### WORK TO COMPLETE
Every line of the listing below is to be duplicated exactly, with the pictures left out.

### GIVEN INFORMATION

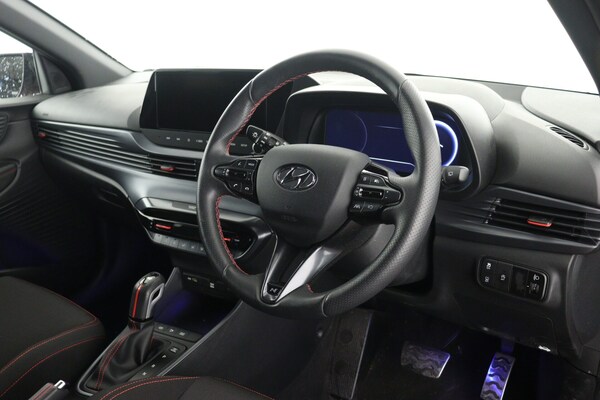 Used Hyundai i20 2024 for sale - 75763611: Photo 13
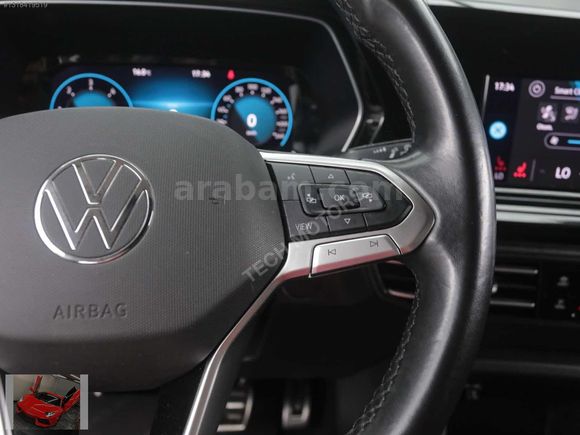 TECH MOTORS 2023 CADDY 2.0TDI STYLE CAM TAVAN+HAYALET+HATASIZ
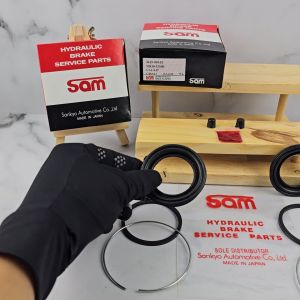 SIL SEAL KALIPER KIT REM CAKRAM DEPAN CARRY ST100 CARRY EXTRA 1SET SAM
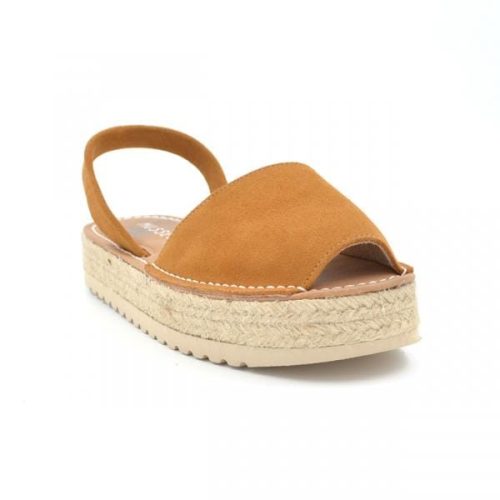 MUSSE & CLOUD Mcsali sandaali, ruskea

### RESULT OF THIS EXERCISE
 Used Hyundai i20 2024 for sale - 75763611: Photo 13
 TECH MOTORS 2023 CADDY 2.0TDI STYLE CAM TAVAN+HAYALET+HATASIZ
 SIL SEAL KALIPER KIT REM CAKRAM DEPAN CARRY ST100 CARRY EXTRA 1SET SAM
 MUSSE & CLOUD Mcsali sandaali, ruskea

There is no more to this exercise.